平松さんは、このほど四年ぶりにアルバム「秋の虹」を発表して、見事「復活」を成し遂げた。相変わらず澄んだ透き通った歌声。「病気」のひとかけらも感じさせない前向きで、元気と勇気を与えてくれる歌詞。例えば、アトランダムに挙げてみると「自分で作る幸せだってある。だって想いは殺せない」(あなたのいた夏)、「明日は何度でもくる。自分を信じていきましょう」(哀しみは風に吹かれて)…といった感じなのだ。
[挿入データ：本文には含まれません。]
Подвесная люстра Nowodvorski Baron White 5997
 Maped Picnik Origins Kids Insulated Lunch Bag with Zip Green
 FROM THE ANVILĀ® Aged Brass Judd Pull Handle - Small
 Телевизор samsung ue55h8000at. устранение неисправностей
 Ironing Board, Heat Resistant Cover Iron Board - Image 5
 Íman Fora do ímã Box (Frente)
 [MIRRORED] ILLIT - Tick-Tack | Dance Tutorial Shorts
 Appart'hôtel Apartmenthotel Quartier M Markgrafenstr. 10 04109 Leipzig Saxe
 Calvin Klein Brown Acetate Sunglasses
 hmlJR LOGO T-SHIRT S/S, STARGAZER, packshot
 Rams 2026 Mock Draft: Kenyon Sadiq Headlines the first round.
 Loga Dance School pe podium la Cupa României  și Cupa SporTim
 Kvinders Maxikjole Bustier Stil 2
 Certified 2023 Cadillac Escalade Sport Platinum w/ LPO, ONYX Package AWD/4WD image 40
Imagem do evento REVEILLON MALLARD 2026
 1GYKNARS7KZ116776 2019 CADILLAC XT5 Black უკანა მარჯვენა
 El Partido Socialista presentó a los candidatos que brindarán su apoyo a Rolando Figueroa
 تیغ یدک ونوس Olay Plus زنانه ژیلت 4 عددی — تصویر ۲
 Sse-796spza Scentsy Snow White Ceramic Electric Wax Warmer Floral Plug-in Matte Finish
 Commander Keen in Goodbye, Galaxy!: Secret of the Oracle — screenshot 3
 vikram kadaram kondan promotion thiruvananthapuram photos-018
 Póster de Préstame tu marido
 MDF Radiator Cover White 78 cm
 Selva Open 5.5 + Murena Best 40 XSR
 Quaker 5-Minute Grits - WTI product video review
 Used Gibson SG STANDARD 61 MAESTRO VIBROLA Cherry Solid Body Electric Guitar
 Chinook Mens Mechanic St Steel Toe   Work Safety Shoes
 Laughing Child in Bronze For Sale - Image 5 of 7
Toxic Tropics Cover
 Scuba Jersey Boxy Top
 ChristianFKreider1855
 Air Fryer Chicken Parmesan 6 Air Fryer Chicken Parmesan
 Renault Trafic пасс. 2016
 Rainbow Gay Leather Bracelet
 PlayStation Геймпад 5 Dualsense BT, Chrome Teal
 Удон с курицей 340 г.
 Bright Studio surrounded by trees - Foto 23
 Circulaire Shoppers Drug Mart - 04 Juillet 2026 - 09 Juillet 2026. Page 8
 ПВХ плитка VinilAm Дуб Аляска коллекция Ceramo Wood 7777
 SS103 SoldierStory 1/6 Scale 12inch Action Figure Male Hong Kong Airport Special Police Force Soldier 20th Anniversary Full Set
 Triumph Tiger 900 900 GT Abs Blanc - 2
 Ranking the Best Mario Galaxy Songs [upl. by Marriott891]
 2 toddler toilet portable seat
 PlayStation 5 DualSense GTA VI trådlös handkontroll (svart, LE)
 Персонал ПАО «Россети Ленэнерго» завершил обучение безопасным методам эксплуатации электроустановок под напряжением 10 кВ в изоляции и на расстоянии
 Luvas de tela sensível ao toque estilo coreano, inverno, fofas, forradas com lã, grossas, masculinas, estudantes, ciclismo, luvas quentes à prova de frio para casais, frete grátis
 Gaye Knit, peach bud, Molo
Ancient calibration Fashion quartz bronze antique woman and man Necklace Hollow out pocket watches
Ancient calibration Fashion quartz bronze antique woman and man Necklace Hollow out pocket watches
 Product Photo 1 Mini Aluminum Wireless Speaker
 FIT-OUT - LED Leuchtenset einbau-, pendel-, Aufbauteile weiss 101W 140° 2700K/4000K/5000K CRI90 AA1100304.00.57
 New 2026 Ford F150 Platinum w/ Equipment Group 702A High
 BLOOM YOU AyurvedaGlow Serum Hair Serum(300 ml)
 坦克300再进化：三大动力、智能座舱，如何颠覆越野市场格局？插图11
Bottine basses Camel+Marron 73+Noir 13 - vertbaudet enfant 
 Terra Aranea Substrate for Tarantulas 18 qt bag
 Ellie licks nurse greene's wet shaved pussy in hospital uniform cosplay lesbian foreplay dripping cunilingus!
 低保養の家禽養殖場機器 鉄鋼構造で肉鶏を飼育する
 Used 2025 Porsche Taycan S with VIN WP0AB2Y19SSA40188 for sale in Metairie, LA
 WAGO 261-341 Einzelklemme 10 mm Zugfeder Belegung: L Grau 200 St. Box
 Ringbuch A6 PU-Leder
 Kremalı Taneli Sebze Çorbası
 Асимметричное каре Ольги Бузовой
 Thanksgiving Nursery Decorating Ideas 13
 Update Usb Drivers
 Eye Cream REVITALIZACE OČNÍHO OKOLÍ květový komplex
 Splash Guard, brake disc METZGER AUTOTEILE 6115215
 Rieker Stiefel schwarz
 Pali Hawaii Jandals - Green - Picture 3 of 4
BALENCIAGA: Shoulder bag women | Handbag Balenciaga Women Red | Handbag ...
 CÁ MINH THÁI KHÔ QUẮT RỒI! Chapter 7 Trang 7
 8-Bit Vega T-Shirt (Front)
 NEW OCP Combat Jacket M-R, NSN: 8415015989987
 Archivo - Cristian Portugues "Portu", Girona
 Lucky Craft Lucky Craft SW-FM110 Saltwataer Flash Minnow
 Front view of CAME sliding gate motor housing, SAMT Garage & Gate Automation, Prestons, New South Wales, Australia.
平松さんは1964年、神戸市須磨区生まれ。お父さんは内科医。小さい頃からピアノを始め、学生時代からアマチュアバンドで活躍、92年には「部屋とYシャツと私」が100万枚の大ヒットとなり、「才色兼備」のシンガーソングライターとして一気に注目された。その後、結婚し、トントン拍子にいくかと思われたが、95年の阪神淡路大震災では神戸の生家が全壊。そして、数々の病魔に襲われ、子宮内膜症で子宮を摘出。2001年には乳がんの手術も受けた。

病気については、本人もライブの際に発表して休養宣言したり、自分のホームページでも公表したりしているが、それにしても、世の中にはひどいことを言う人がいるものだ。新潟中越地震では、多くの日本人がボランティアに駆けつけたり、義援金を送ったりしているというのに、「匿名」に隠れて平気で人を傷つけることを言う。その心根が全く理解できない。

平松さんは正直に語る。「前向きな詞を書くことで自分自身が癒され、痛みを忘れることができた」「詞の中の世界の私を現実の私と誤解してほしかった」―。どうですか?「平松愛理は病気を売り物にしている」と非難したアンポンタンに聞かせてやりたいですね。